We are currently delivering a large-scale healthcare data migration project involving:
One-time historical migration of approx. 80 TB of data, already completed and loaded into Delta Lake.
CDC merge logic is already developed and validated using Apache Spark (Databricks DBR) notebooks.
Now moving into the real-time streaming phase, with Kafka ingest rates ranging between 3,000 to 30,000 events per second, across multiple topics and domains.
We are evaluating the best-fit architecture for this next phase, and would appreciate your expert guidance. Our goal is to ensure scalability, operational simplicity, and cost optimization, as our customer is highly sensitive to long-term running costs.
We are considering the following three options:
Option A: Continue using Databricks DBR (non-DLT) notebooks for both CDC and streaming
Pros: Unified codebase, no transition effort.

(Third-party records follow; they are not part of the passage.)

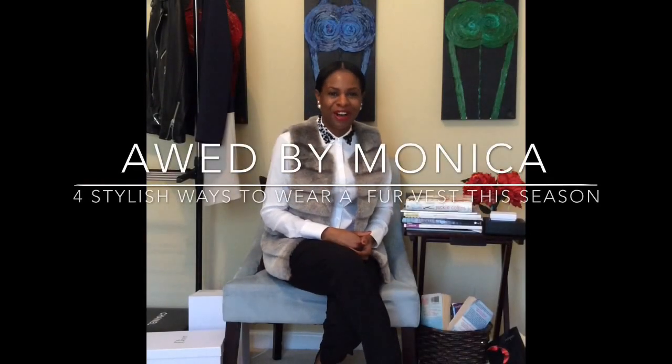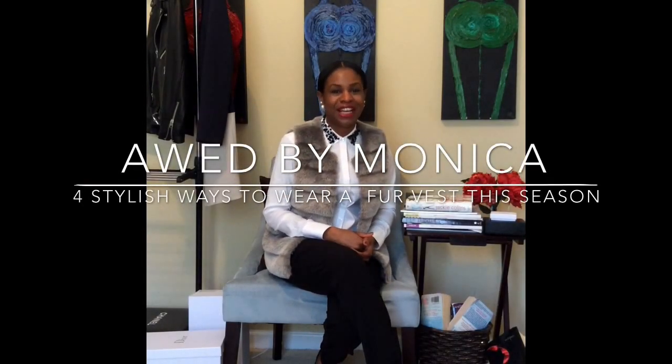Hi guys, it's Monica from the Odd by Monica fashion and style blog and today we're talking about wearing fur vests. As you can see, I'm wearing a fur vest today and I'm going to show you ways to wear a fur vest.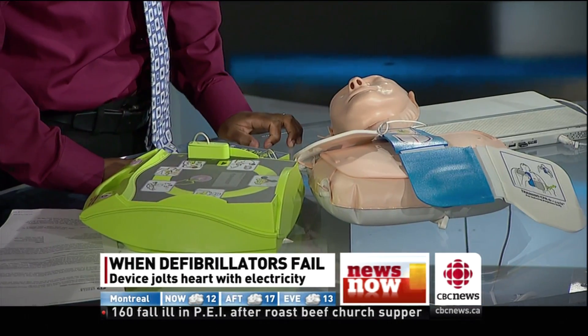Basically what it does is it delivers a shock — an electrical shock to the heart when the heart's not beating effectively. Normally in the healthy heart, electricity is flowing from top to bottom, causing a coordinated contraction of the muscle. When that's not working, the heart's not pumping properly and blood doesn't get to the body. That's what this machine is supposed to fix.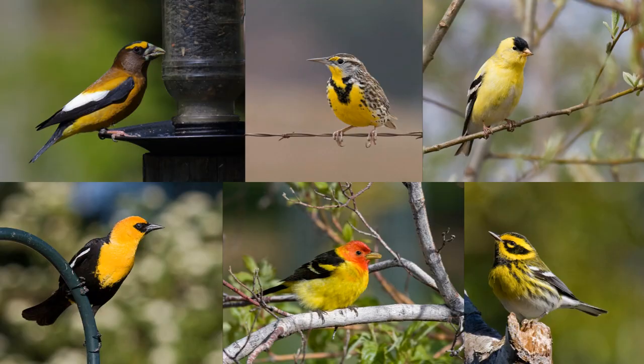Did you see a bright yellow and black bird and wonder what it was? This video is for you. There are many birds with yellow and black plumage, or yellow and black and white plumage. In this video I'll show you some yellow and black birds that will come to your feeder, and then we'll also look at yellow and black birds that you're likely to see in fields, in woodlands, and in marshes. Let's get started with the birds at your feeder.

Concern: Limited autoscaling (especially scale-in) during low-volume periods, potentially increasing cost.
Option B: Use Databricks DBR for CDC, and Delta Live Tables (DLT) for Streaming
Question: How complex will it be to transition from DBR-based CDC pipelines to DLT-based streaming pipelines within the same workspace/project?
Are there migration tools, best practices, or effort estimations available to assist this shift?

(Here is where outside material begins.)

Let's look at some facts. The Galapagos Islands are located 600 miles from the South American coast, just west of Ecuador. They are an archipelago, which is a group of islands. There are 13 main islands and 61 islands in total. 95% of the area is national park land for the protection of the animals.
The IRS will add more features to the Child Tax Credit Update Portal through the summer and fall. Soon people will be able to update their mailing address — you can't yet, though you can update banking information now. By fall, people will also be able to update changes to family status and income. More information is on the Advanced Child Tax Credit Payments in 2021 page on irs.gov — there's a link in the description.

Option C: Use Delta Live Tables (DLT) for both CDC and Streaming
Question: Can DLT support both structured batch CDC merges as well as streaming ingestion at our required event rates?

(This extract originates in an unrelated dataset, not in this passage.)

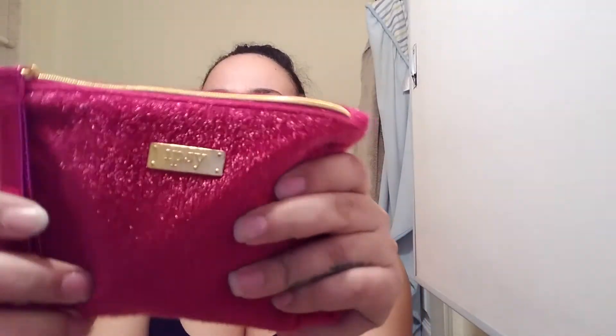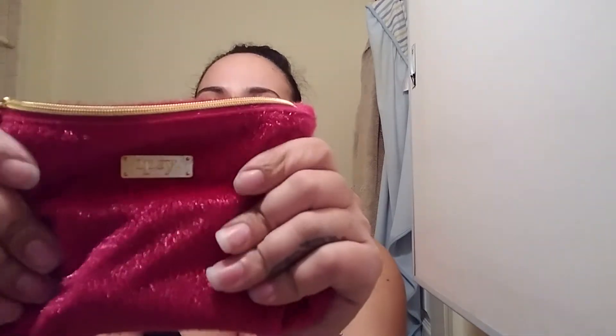It came in a pink fuzzy little bag — it's so cute. I got compliments at my job when they saw it. I don't get it shipped to my house because I don't trust people nearby, so I'd rather just play it safe. Let's see what we've got.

Since our customer is cost-conscious, how can we technically demonstrate that DLT will actually result in cost savings, especially in terms of aggressive autoscaling down (scale-in) behavior?
In summary:
Which option would you recommend for our case and why?
If you recommend DLT, can you help us validate the assumption that DLT is more cost-effective than DBR, particularly in streaming workloads with idle windows?
Any benchmarking guidelines, usage calculators, or example cost comparisons would be appreciated.